WORK TO COMPLETE:
Without pictures, repeat exactly the lines from the one containing "Schlage F60CENxACCRH Century" through the end of the entries.

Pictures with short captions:
________________________________________

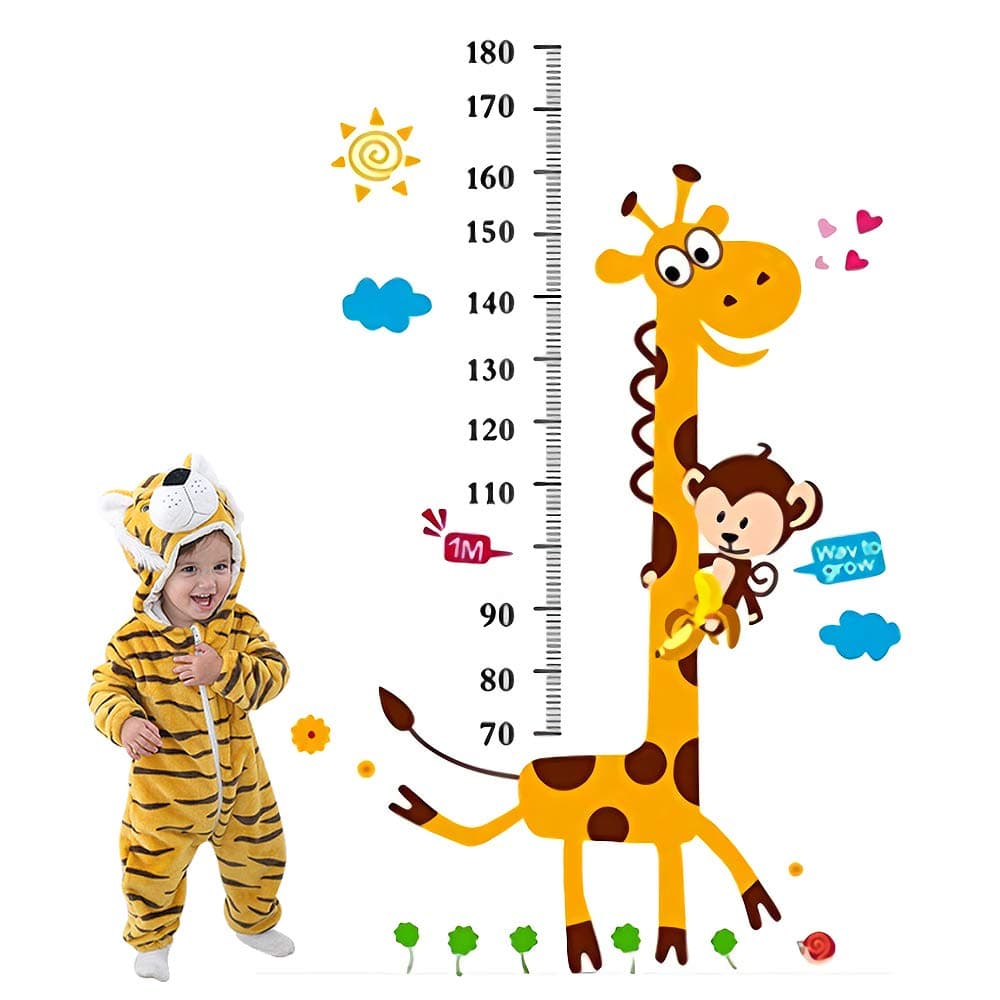 Baby Height Growth Chart Wall Sticker Height Measurement Ruler for Kids Boys Girls Removable Wall Stickers for Nursery Bedroom Living Room Decoration
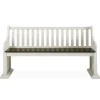 Kirkland's Home Two-Tone Dark Oak And Ivory High Back Wooden Bench- Entryway Furniture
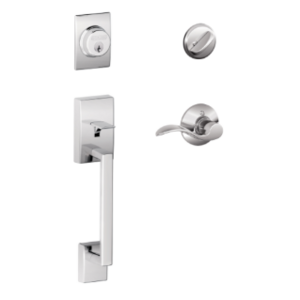 Schlage F60CENxACCRH Century Single Cylinder Handleset with Accent Interior Lever for Right Handed Doors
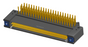 NK-2F4-091-435-TH00 - Nano-miniature D-shaped right angle plated through hole (PTH) board mount connector with mounting holes, 2 rows with 91 contacts, and threaded holes for attachment hardware. (Receptacle)
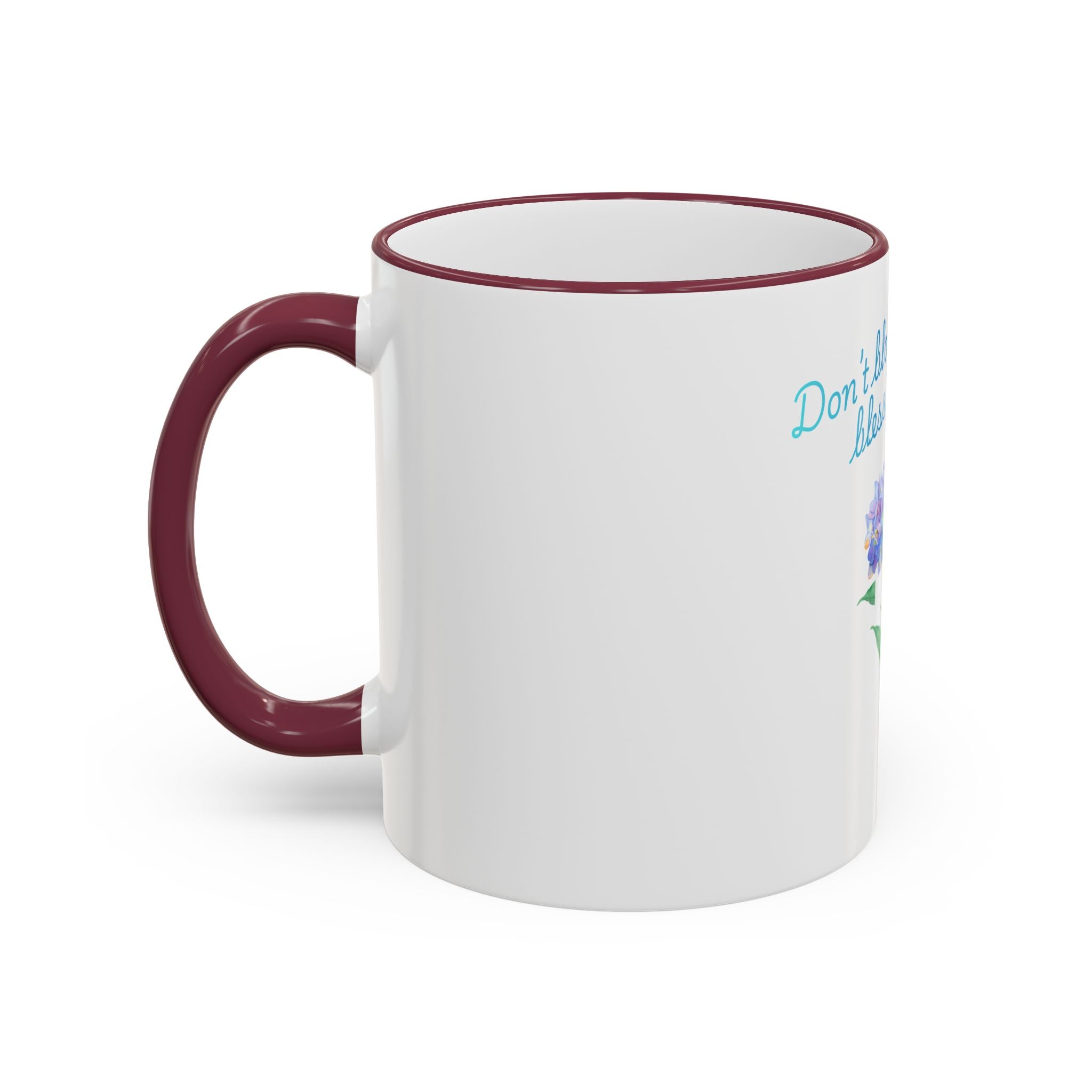 Don't Block Your Blessings hydrangea mug | Accent rim & handle mug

________________________________________

EXPECTED OUTPUT:
 Schlage F60CENxACCRH Century Single Cylinder Handleset with Accent Interior Lever for Right Handed Doors
 NK-2F4-091-435-TH00 - Nano-miniature D-shaped right angle plated through hole (PTH) board mount connector with mounting holes, 2 rows with 91 contacts, and threaded holes for attachment hardware. (Receptacle)
 Don't Block Your Blessings hydrangea mug | Accent rim & handle mug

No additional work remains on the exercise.